### ACTIVITY
From the records below, please repeat exactly the line that has "SE ARRIENDA APARTA ESTUDIO", the line that has "3740 W Hearn Rd - Photo 3 of 16", and every line between them, and nothing else.

### SUPPLIED DATA

┏━━

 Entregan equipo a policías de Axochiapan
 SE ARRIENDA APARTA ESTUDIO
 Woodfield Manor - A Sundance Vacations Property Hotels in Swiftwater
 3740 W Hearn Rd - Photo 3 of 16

┗━━
┏━━

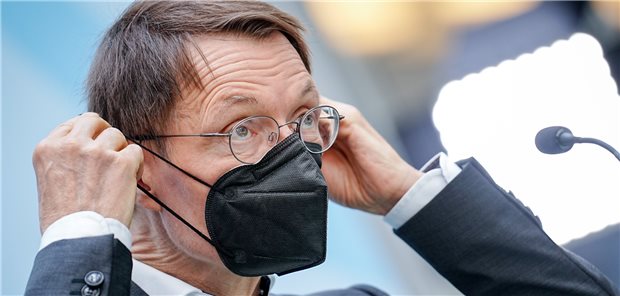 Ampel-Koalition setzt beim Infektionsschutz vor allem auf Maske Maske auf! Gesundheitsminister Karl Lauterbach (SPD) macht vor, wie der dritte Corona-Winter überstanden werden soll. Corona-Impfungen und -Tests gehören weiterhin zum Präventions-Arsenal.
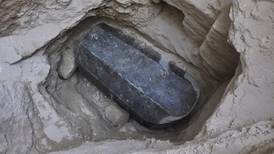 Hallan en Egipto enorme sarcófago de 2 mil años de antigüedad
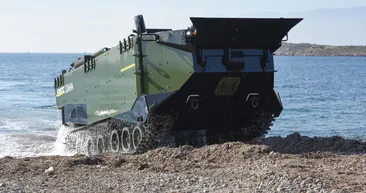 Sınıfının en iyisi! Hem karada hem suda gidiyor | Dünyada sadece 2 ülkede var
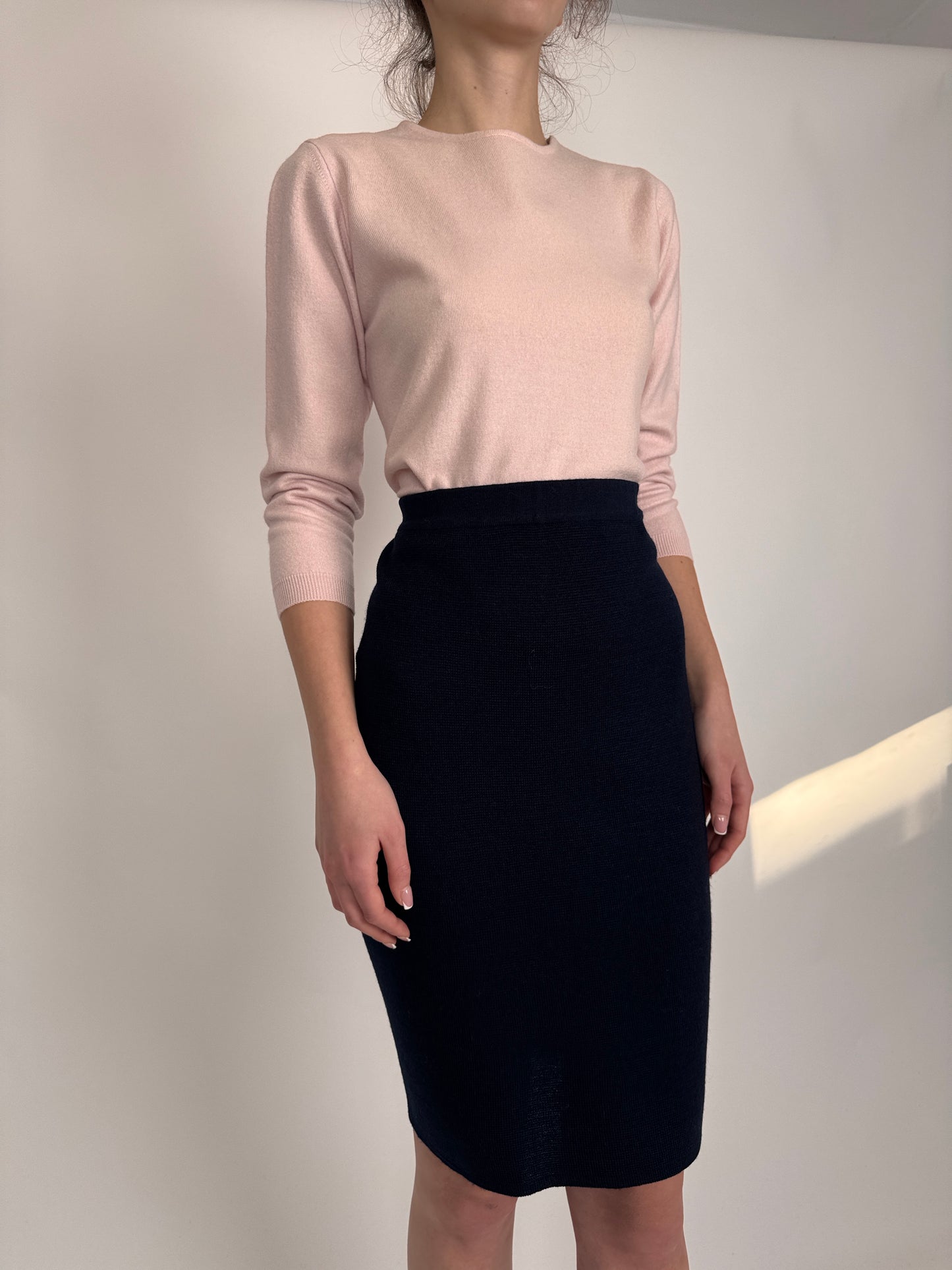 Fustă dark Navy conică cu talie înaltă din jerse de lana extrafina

┗━━

### TASK SOLUTION
 SE ARRIENDA APARTA ESTUDIO
 Woodfield Manor - A Sundance Vacations Property Hotels in Swiftwater
 3740 W Hearn Rd - Photo 3 of 16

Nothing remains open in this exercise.